The team is hoping to move forward with a field study (in the most literal sense of the term) to see if planting crops that contain these nectar chemicals will impact the effects of parasite infection in the wild. If they get similar results, it could provide a solution for supporting healthy bee populations.

"We're really interested in whether this could be a management technique for bees on farms or just anywhere," said Leif Richardson, a postdoctoral research fellow at the University of Vermont and co-author of the study.

But according to unpublished research conducted by Richardson and the research team, this new insight might actually be old news to the bees. They found that, in some cases, the infected bees would go for the chemically-enhanced nectar when given the choice.

"When they're healthy they eat one thing and then when they're parasitized they might switch or add a new food that contains this additional compound," Richardson told me. "That's called self-medication."

Richardson said that, in addition to the field study, they hope to determine whether or not the bumblebees are taking advantage of these nectar chemicals naturally when they get sick.

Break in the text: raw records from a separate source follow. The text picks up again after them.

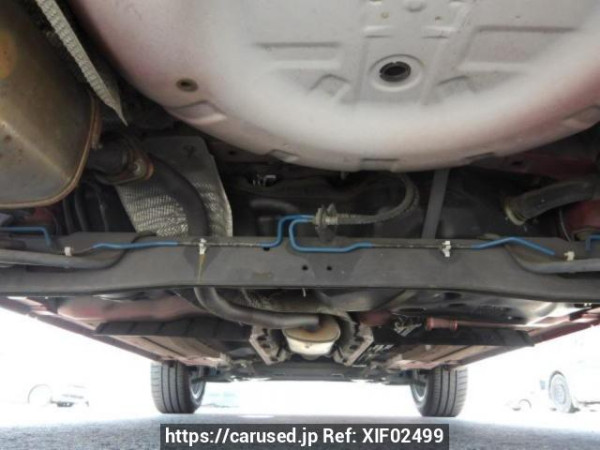 Used 2010 AT nissan juke YF15 Image[33]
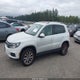 WVGSV7AX4HW508457 2017 Volkswagen Tiguan 2.0T Wolfsburg Edition auction photo thumbnail 14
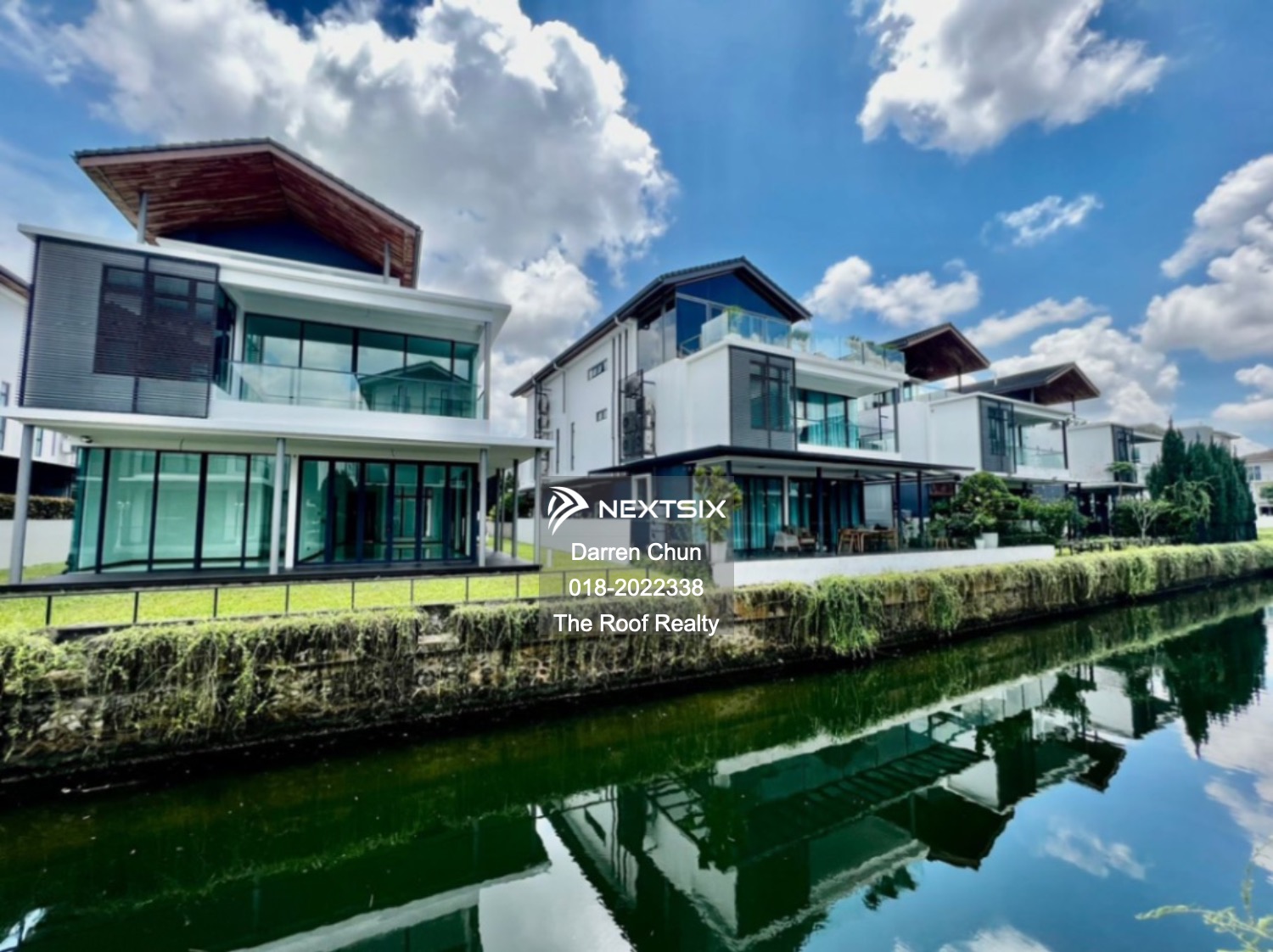 Bungalow For Sale in Permas Jaya Johor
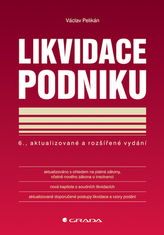 Likvidace podniku
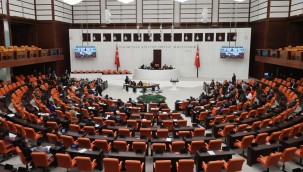 Meclis, 'Kağıtsız Parlamento Projesi' ile 2 milyon lira tasarruf edecek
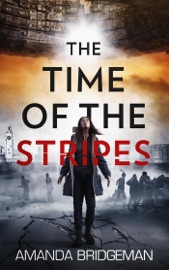The Time of the Stripes - Amanda Bridgeman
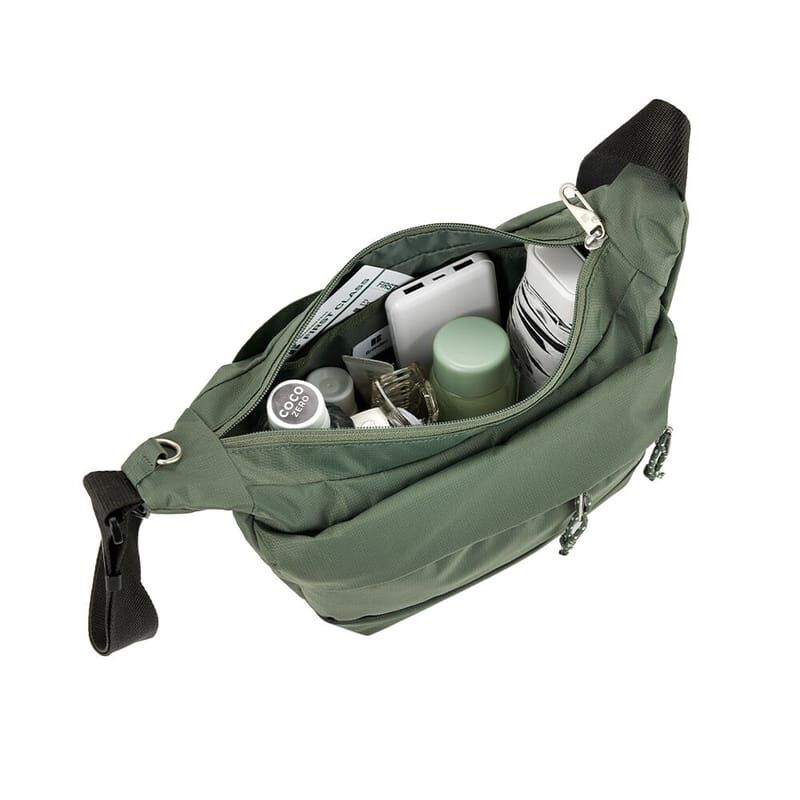 《韓國連線》Branden Safe Cross Body Bag S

Of course, when it comes to bee disease, most people think of colony collapse disorder first. Though it has been mostly confined to honeybees, the endemic that is causing droves of commercial bee colonies to drop dead is a grave concern, and most likely caused by humans.

The good news from research like Richardson and Irwin's is that, if we can get our act together to end the human-caused illnesses, the bees have a way of treating mother nature's brand of diseases just fine.